At Saturday, November 19th in Avol’s Books on 6pm – Mary Austin Speaker, Chris Martin, and Sarah Fox will be reading their poems.  This reading is guaranteed to be wonderful or somebody gets their clear something-shape back. Or quashad. Some bios and poems to follow and give you a sense (after this photograph):

Chris Martin is the author of Becoming Weather (Coffee House 2011) and American Music (Copper Canyon 2007).  He is also the author of several chapbooks, including How to Write a Mistake-ist Poem (Brave Men 2011) and the forthcoming Hymn that Is the Air (Ugly Duckling 2012).  He is an editor at Futurepoem books and curates the response blog Futurepost from the oldest house in Iowa City.

The Bat

for Sarah Fox

Self and
self’s subset
like a bell’s
tongue is part
of its sounding mechanism
also called a clapper
and will only travel out
in waves of beaten sonority
like how seeing strikes the seen
and the seen returns its blow
a limp fisticuff of color
that uncoils in animal brogue
a mouth of planes
that beat the eye
black with language
I travelled light
I literally
rode pulse
like a bat
like my mouth’s
wet flapping was tied
to maps of proximity
I consumed the room’s waste
to find a little place
inside the stanza for raising mammals
whose hands are also our cape
who love nothing above song
and make a map wherever
we bell into light
our crunched noses flush
against sun’s dénouement
a golden crown
devouring fruit
devouring whatever
echo suits us
there is never
enough to let go
we left coterie life
to map the night’s growth

Sarah Fox was born in the year, month, and hour of the Horse. She lives in NE Minneapolis where, with John Colburn, she co-imagines the Center for Visionary Poetics, and seeks to engage in any and all collaborative occupations that increase love, liberation, transparency, solidarity, and imaginative acreage in the collective psyche. Her book Because Why was published by Coffee House Press, and recent work has appeared or is forthcoming in Spout, Conduit, Tammy, humdrum, ElevenEleven, Action Yes, Boo: A Journal of Terrific Things, and Rain Taxi. She writes about occult motherhood, astropoetics, entheogenic plant medicines, and more on the multi-author blog montevidayo.com, teaches English, Creative Writing at the University of Minnesota, and serves as a doula. Two new books are forthcoming from Coffee House, including Doctrine of Signatures—a collection of poems the Milwaukee poet Antler has deemed “a Paleolithic hallucinogenic dreamstate phantasmagoric shaman voyage”—and Mother Substance—a book-length assemblage documenting the psychic and somatic catastrophes faced by women exposed in utero to the synthetic estrogen Diethylstilbestrol (DES) (“the worst drug disaster in American history”). She performs “poetry rituals” and other acts of intersubjective communion in public and private spaces whenever she can.

(from COM[M]A)


I drownproofed myself and the dead
babies with shriek vests and we set
off across the lake on our raft towards
another shore whose inhabitants might
welcome us. We were transpersonal
pilgrims, the water revised us and we
knew that the lake was merely
the surface of our dream, like the raft
was just a borrowed womb the babies
couldn’t leak through. A clergy of crows
cropped up as magnetic chorus on
the horizon. I grew fins and amped up
our destiny. I was prepared to submit
to the crows’ reconfigurement, become
beak-scratched and claw-scrawled,
seam-spilling. Black caws feathering
my veins. I cradle the blood in my
hands, press prints onto the walls
of the chamber where I hoard all my skulls.
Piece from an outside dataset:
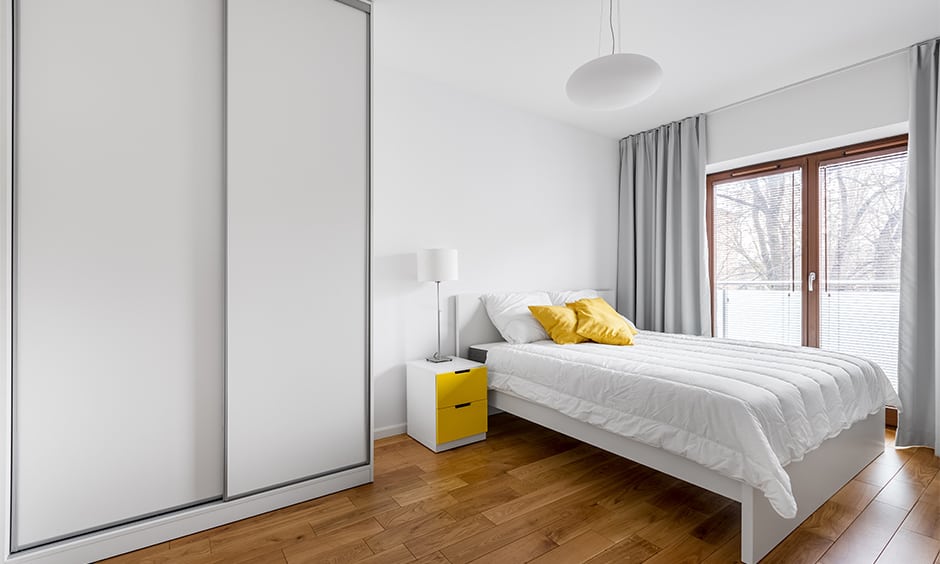 Floor-to-ceiling bedroom cupboard in minimal grey and white design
Mary Austin Speaker is the author of four chapbooks: In the End There Were Thousands of Cowboys, Abandoning the Firmament (Menagerie Editions 2009 and 2010), The Bridge (Push Press 2011) and 20 Love Poems for 10 Months (forthcoming in 2012 from Ugly Duckling Presse). New work  has recently appeared in Pleiades, Big Bell, Boston Review, Boog City Reader, 20012, Iowa Review, la fovea, Bright Pink Mosquito, New Orleans Review and elsewhere. She teaches writing and works as a freelance book designer in Iowa City, IA.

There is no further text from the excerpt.